# [WHAT YOU ARE ASKED TO DO]
Reproduce, please, only the lines from the first line below to the line containing "324 TERRA CEIA", inclusive.

# [INPUT]
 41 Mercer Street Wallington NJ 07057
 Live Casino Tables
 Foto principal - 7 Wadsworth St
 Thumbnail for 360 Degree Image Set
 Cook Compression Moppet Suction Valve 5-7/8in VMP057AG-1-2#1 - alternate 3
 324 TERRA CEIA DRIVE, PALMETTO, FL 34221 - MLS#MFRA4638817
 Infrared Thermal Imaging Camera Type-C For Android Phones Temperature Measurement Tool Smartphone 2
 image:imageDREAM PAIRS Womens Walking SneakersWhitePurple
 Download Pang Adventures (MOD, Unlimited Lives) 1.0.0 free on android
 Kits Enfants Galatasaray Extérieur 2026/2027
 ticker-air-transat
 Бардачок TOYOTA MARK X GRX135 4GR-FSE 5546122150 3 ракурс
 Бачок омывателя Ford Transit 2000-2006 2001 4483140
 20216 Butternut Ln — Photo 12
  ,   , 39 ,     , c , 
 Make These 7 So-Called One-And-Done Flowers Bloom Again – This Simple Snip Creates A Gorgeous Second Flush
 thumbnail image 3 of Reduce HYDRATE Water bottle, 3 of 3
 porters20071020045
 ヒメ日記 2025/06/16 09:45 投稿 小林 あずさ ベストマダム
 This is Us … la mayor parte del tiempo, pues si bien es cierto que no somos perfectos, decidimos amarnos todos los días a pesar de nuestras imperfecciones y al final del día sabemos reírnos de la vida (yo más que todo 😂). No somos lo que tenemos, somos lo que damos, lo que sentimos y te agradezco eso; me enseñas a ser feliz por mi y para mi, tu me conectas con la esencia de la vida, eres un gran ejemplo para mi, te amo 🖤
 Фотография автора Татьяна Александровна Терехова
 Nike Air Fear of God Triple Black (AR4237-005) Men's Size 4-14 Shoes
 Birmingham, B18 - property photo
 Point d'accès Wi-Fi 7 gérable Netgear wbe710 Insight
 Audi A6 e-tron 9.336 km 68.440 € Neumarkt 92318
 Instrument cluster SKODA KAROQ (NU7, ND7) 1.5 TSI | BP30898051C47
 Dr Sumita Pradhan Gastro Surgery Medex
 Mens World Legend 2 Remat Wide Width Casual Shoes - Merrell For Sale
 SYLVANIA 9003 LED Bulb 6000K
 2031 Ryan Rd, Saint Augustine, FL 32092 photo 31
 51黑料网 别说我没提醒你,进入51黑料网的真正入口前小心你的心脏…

# [RESPONSE AREA]
 41 Mercer Street Wallington NJ 07057
 Live Casino Tables
 Foto principal - 7 Wadsworth St
 Thumbnail for 360 Degree Image Set
 Cook Compression Moppet Suction Valve 5-7/8in VMP057AG-1-2#1 - alternate 3
 324 TERRA CEIA DRIVE, PALMETTO, FL 34221 - MLS#MFRA4638817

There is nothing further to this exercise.